When Clarity is a Curse and Vagueness a Virtue

A conference speaker recently stated that a company’s legal documents should avoid vague provisions like “the parties will use their best efforts to….”

I agree that clarity is generally a virtue in legal contracts. Except when it isn’t. Practicing law, like many things, is part “science” and part “art”. One of the “arts” is knowing when a vague (or semi-vague) provision might help your client’s interests and, conversely, when clarity might hurt your client’s interests.

This assertion may offend classic principles of contract drafting. So, to be clear, I am not advocating that legal contracts should be full of carelessly vague statements. But there are at least two occasions on which I believe my client is better served by inclusion of a vague provision instead of a clear one:

  • When, if the provision were made clear, the clarity would bind my client to do something that it is not positive it can fulfill — for example, rather than commit my client to selling X units/year in order to keep a contract, I might opt to have the client agree to “diligently pursue sales” (note, however, that if I’m representing the other side, I’ll push for clarity).
  • When the parties are simply unable to agree upon a “clear” provision, but the deal can be made if they compromise on a vague one — my role is to help the parties get a deal done if they both want to do one; in fulfilling that role, I try to help the parties think about and clarify all ambiguity (where appropriate), but find a way to keep the deal moving forward even if they can’t clarify a particular provision at a particular time. In the formative stage of a joint venture, for example, the parties sometimes don’t know enough about each other or their prospective business relationship to resolve in detail how a particular issue will be handled.

Ask your lawyer to counsel you about the nuances of key issues under negotiation, including whether any particular issue should be made more clear or more vague. Don’t forget that, when it comes to contractual obligations, clarity can sometimes be a curse and vagueness a virtue.

Look for a future post on “controlling the draft”. It can be more expensive to have your lawyer be the primary draftsperson, but that gives him or her an important advantage in managing the nuances of a contract, including the degree of clarity inserted for each particular issue.

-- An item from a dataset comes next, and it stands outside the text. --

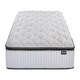 image 1 of SleepSoul Bliss 800 Pocket Memory Pillow Top Mattress White | Single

1 thought on “When Clarity is a Curse and Vagueness a Virtue”

  1. Excellent points. I would add another occasion when I think vagueness is acceptable: when your client has little negotiating leverage. In those cases vagueness may be the best you can get because if you try and get more clarity in your favor the other side (the one with the negotiating leverage) will use it as an opportunity to clarify the vagueness in its favor. This is particularly the case when you are negotiating off the other side’s form agreement and you may benefit from the “ambiguities will be interpreted against the drafter” rule.